<<<<
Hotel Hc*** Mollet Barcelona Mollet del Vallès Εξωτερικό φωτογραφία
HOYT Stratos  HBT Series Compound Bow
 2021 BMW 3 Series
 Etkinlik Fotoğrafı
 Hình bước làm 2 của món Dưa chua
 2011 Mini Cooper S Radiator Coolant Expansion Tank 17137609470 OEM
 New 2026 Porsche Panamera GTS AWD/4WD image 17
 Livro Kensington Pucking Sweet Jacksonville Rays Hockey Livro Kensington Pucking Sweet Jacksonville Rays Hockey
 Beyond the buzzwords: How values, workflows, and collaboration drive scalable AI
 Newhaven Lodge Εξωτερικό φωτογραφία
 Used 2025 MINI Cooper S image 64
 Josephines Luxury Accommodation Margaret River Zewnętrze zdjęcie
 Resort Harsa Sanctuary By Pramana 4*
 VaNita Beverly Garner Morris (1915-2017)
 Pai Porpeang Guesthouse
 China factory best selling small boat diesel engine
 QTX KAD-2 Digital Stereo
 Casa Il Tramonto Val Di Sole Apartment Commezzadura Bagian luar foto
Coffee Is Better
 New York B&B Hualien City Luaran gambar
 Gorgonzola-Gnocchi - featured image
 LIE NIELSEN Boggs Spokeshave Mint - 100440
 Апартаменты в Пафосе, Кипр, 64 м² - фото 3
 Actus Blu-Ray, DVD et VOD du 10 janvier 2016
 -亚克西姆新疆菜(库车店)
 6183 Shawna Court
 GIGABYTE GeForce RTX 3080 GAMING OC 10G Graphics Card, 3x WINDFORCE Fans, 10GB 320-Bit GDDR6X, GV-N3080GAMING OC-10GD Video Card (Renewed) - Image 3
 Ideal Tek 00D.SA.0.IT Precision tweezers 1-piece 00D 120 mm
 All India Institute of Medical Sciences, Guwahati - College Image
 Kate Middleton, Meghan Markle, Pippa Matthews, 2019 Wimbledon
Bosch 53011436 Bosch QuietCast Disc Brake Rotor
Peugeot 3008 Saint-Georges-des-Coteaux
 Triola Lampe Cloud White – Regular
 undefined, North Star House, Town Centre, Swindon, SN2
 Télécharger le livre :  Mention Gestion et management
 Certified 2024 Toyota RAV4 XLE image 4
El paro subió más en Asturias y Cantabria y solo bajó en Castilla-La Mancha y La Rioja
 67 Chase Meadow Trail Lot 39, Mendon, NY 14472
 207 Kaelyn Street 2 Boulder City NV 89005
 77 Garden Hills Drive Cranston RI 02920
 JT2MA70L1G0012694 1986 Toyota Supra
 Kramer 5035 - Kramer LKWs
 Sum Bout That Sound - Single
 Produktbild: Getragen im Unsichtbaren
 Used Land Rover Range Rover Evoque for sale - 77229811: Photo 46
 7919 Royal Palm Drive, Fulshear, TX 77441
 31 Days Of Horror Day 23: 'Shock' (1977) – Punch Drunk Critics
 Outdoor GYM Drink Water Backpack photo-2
>>>>
Above are the entries; return each one exactly.

Hotel Hc*** Mollet Barcelona Mollet del Vallès Εξωτερικό φωτογραφία
HOYT Stratos  HBT Series Compound Bow
 2021 BMW 3 Series
 Etkinlik Fotoğrafı
 Hình bước làm 2 của món Dưa chua
 2011 Mini Cooper S Radiator Coolant Expansion Tank 17137609470 OEM
 New 2026 Porsche Panamera GTS AWD/4WD image 17
 Livro Kensington Pucking Sweet Jacksonville Rays Hockey Livro Kensington Pucking Sweet Jacksonville Rays Hockey
 Beyond the buzzwords: How values, workflows, and collaboration drive scalable AI
 Newhaven Lodge Εξωτερικό φωτογραφία
 Used 2025 MINI Cooper S image 64
 Josephines Luxury Accommodation Margaret River Zewnętrze zdjęcie
 Resort Harsa Sanctuary By Pramana 4*
 VaNita Beverly Garner Morris (1915-2017)
 Pai Porpeang Guesthouse
 China factory best selling small boat diesel engine
 QTX KAD-2 Digital Stereo
 Casa Il Tramonto Val Di Sole Apartment Commezzadura Bagian luar foto
Coffee Is Better
 New York B&B Hualien City Luaran gambar
 Gorgonzola-Gnocchi - featured image
 LIE NIELSEN Boggs Spokeshave Mint - 100440
 Апартаменты в Пафосе, Кипр, 64 м² - фото 3
 Actus Blu-Ray, DVD et VOD du 10 janvier 2016
 -亚克西姆新疆菜(库车店)
 6183 Shawna Court
 GIGABYTE GeForce RTX 3080 GAMING OC 10G Graphics Card, 3x WINDFORCE Fans, 10GB 320-Bit GDDR6X, GV-N3080GAMING OC-10GD Video Card (Renewed) - Image 3
 Ideal Tek 00D.SA.0.IT Precision tweezers 1-piece 00D 120 mm
 All India Institute of Medical Sciences, Guwahati - College Image
 Kate Middleton, Meghan Markle, Pippa Matthews, 2019 Wimbledon
Bosch 53011436 Bosch QuietCast Disc Brake Rotor
Peugeot 3008 Saint-Georges-des-Coteaux
 Triola Lampe Cloud White – Regular
 undefined, North Star House, Town Centre, Swindon, SN2
 Télécharger le livre :  Mention Gestion et management
 Certified 2024 Toyota RAV4 XLE image 4
El paro subió más en Asturias y Cantabria y solo bajó en Castilla-La Mancha y La Rioja
 67 Chase Meadow Trail Lot 39, Mendon, NY 14472
 207 Kaelyn Street 2 Boulder City NV 89005
 77 Garden Hills Drive Cranston RI 02920
 JT2MA70L1G0012694 1986 Toyota Supra
 Kramer 5035 - Kramer LKWs
 Sum Bout That Sound - Single
 Produktbild: Getragen im Unsichtbaren
 Used Land Rover Range Rover Evoque for sale - 77229811: Photo 46
 7919 Royal Palm Drive, Fulshear, TX 77441
 31 Days Of Horror Day 23: 'Shock' (1977) – Punch Drunk Critics
 Outdoor GYM Drink Water Backpack photo-2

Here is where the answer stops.